Friday, June 13, 2014

Getting prettier!



It's been slow going, but we're starting to realize that it really is turning into a boat. :)  We're finishing up putting 3 layers of epoxy on pretty much everything, cutting parts out of the bulkheads that need to go and cutting floorboards.  I am so grateful for Dad (of course you know it's Dan writing this!)... while I'm at school working, he is here also working hard on so many things, but among them is figuring out all the little details - where will the battery go?  How will the rudder attach?  Where do we put the anchor and how do we strengthen the bow?  He's very smart, and he always knows what's next to do.

Tuesday, April 1, 2014

Putting Holes in the Hull. Again.

Once you've spent time ensuring that the hull is smooth, the fiberglass cloth is even, and the primer is perfect, you put more holes in it to attach the keel. Yup. 

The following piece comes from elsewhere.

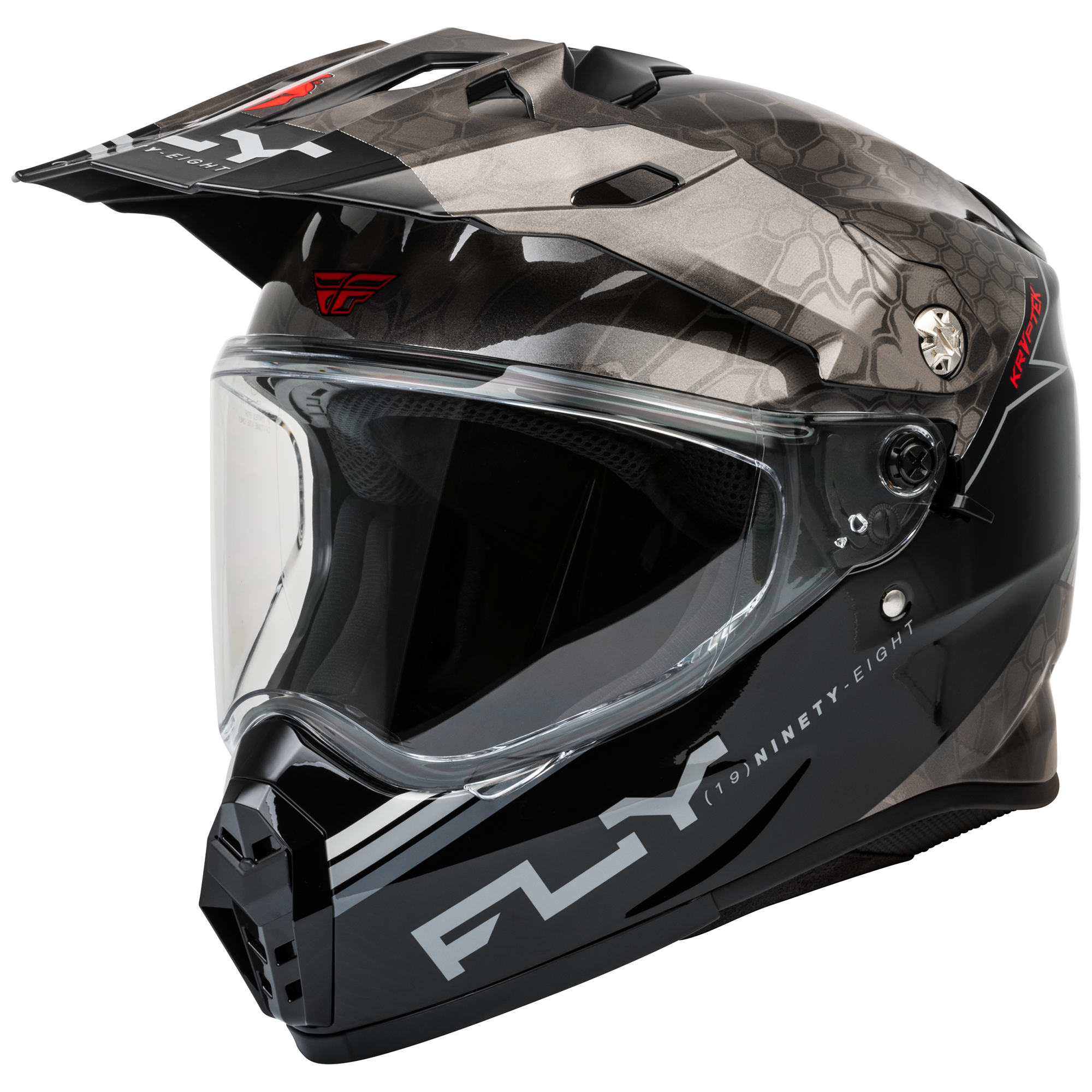 Trekker Kryptek Conceal Helmet - Black/Grey/White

We finished the sheer clamps, which run along the hull to help it hold its shape and strengthen it, and then glued and screwed on the keel pieces. 

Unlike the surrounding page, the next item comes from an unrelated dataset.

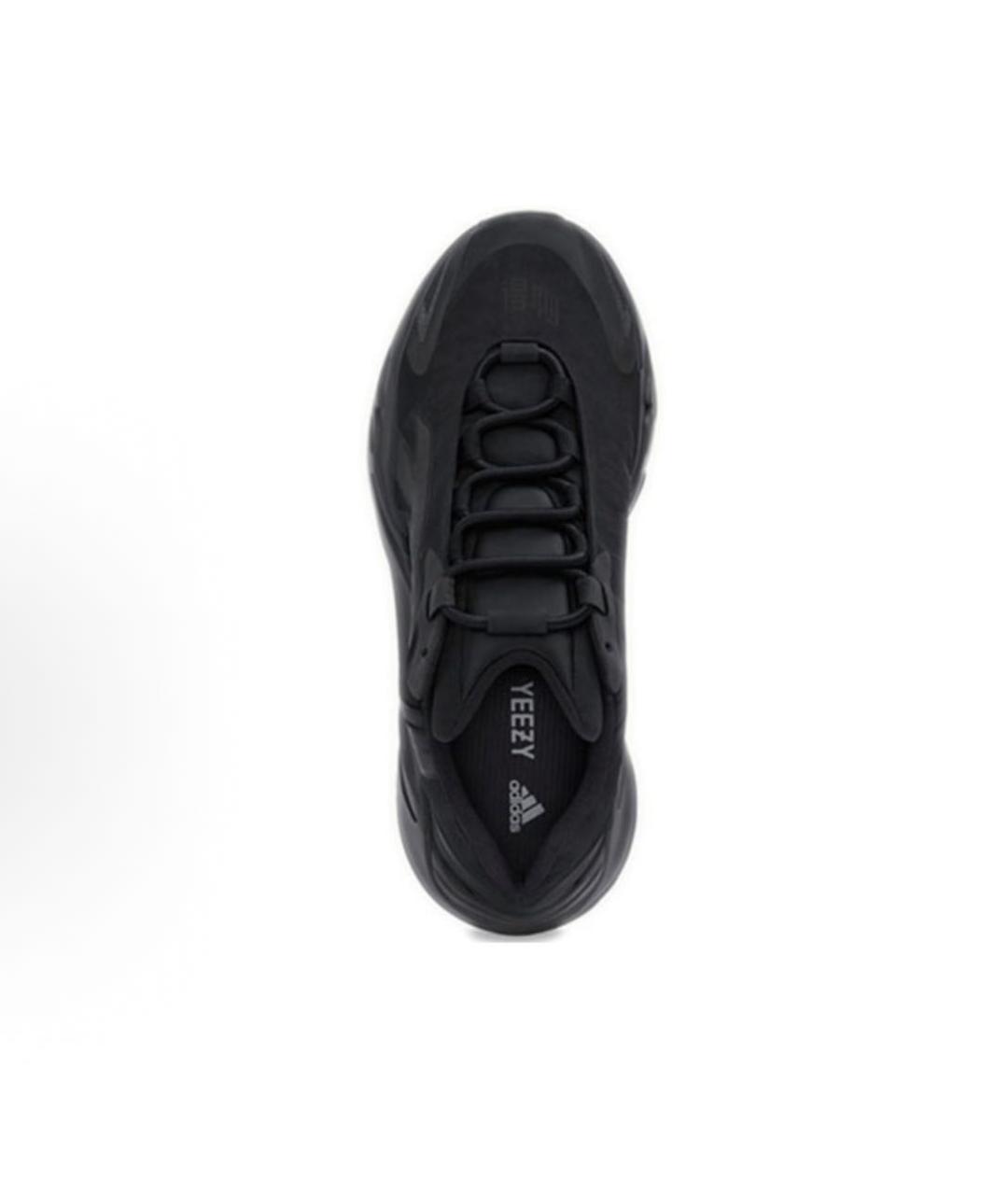 ADIDAS YEEZY Черные синтетические низкие кроссовки / кеды, фото 4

While Jay put the screws in from inside the boat, I bent the long keel piece into place. 

Saturday, December 28, 2013

Sheer Joy? Sheer Clamps, Anyway

Finally, a day arrived in which we:

1.  Made no thickened epoxy; and
2.  Laid no fiberglass tape

Hurray!  But never fear - those days will return.  What we did instead was attach the first piece of the keel at the bow and glued the major piece of the starboard sheer clamp.  A sheer clamp is a piece of wood that runs along the hull where the decking will meet the hull.  It helps keep the hull's shape and reinforces the boat against bumps and the constant pull of the sail.

After we laid epoxy on the wood and the hull, Dad started the clamping.

LOTS of clamps needed, since we had to bend the wood along the curve of the hull


One piece down, and no more clamps so we must wait until the epoxy dries before starting on the port side.

Wednesday, December 4, 2013

Another Day in Epoxy Paradise

They say it's a wooden boat.  It is a wooden boat. But pound for pound, I think it will be mostly glue!  This is some of the inside work that got done over the last few months.
You see floor timbers and longitudinal pieces in the cockpit.  Floorboards will go down in the center, and the sides will be benches will storage compartments underneath.

This is in the cabin.  "Cabin" I should say, for reasons that are becoming increasingly obvious.  Remember when little Ralphie (the Simpsons) exclaimed, "I sleep in a drawer!"  It'll be like that.  And yes, there's a big box in the middle.  That's where the centerboard pulls up into.